Seneca’s central theme in his essay is value. He argues that we fail to see that, though time is an abstraction, unable to be touched or even felt moment to moment, it is the most precious resource we have. For Seneca, it is ironic that we go to great lengths to protect our property and money while we let others fritter away something that has much greater value, because it can never be retrieved once lost: ‘People are frugal in guarding their personal property; but as soon as it comes to squandering time they are most wasteful of the one thing in which it is right to be stingy.’ The wise person — the sage — understands this, and so does not waste his time fretting about events that are out of his control. Conscious of the value of time, he lives in the present, with the goal of conforming to nature in the Stoic fashion. In the fullness of the present moment, he achieves not just virtue, but happiness.
Conscious of the value of time, the sage lives in the present.
Seneca raises the Roman literary style of the age to an especially high register. His prose is distinct, aphoristic, sometimes funny, full of rhetorical questions, and always readable. ‘The great obstacle to living is expectancy,’ he writes, in typical style, ‘which hangs upon tomorrow and loses today. You are arranging what lies in Fortune’s control, and abandoning what lies in yours. What are you looking at? To what goal are you straining? The whole future lies in uncertainty: live immediately.’ This style served as a model for John Calvin, Jean-Jacques Rousseau and Michel de Montaigne, who coined the word ‘essay’ and popularised it as a literary form in the 16th century.

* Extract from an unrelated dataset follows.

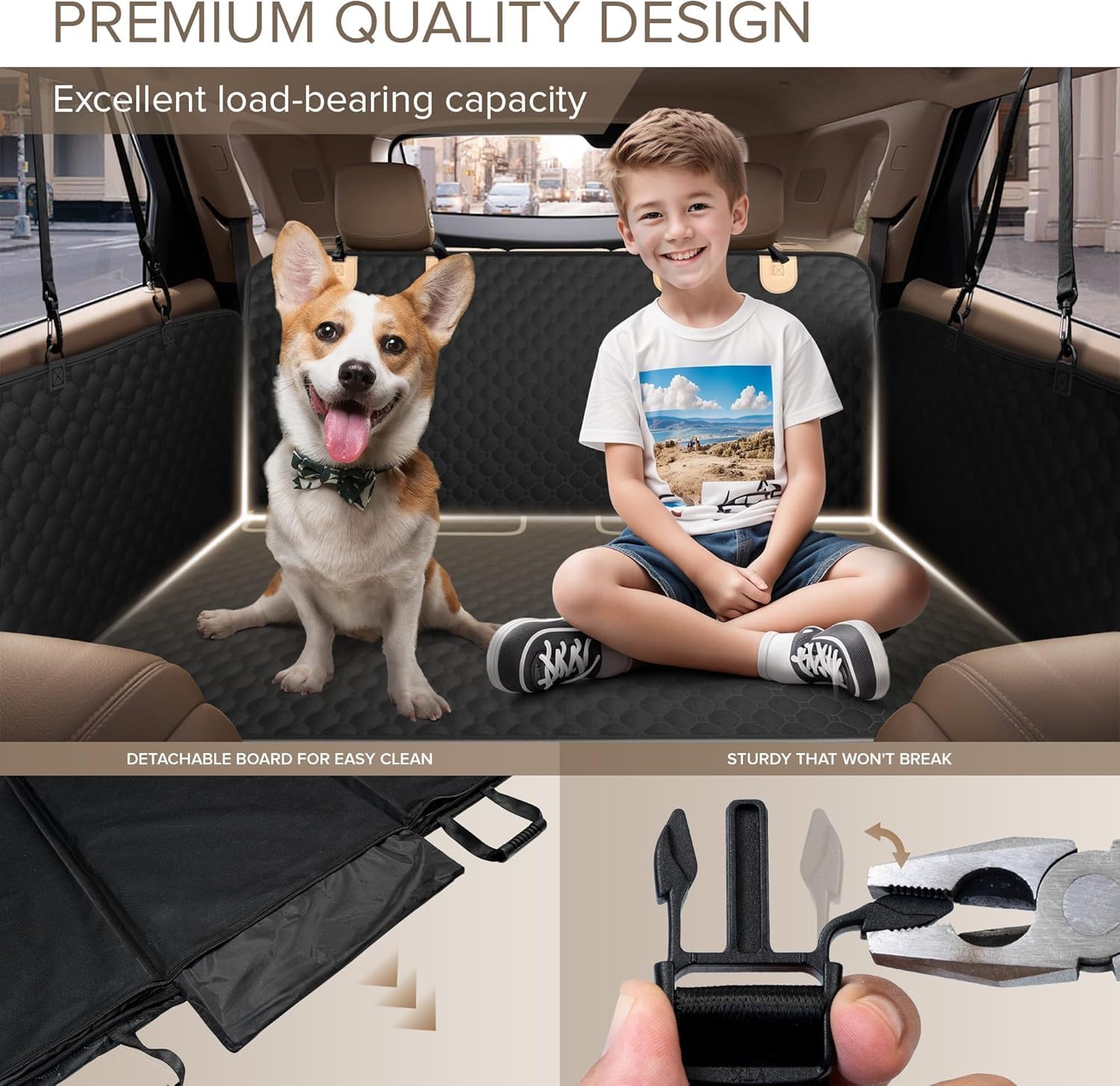 Detalle de SHARLOVY dog car seat cover extender 63x52in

‘Ueritatem dies aperit,’ writes Seneca in On Anger: ‘Time discloses the truth.’ This is often the conclusion reached by those who study the classics, and who find in the experience or advice of the writers of Greece and Rome commentaries on human nature which seem as true today as they were back then. We find in On the Shortness of Life one of the finest, most concise literary reminders to find our purpose, to live mindfully, and not to waste our time martyring ourselves over trivial things, or fretting over what we cannot control. Such advice is easier to give and to receive than to put into practice, of course; but we can say with certainty that consciousness of the shortness of our lives is a condition for making it long.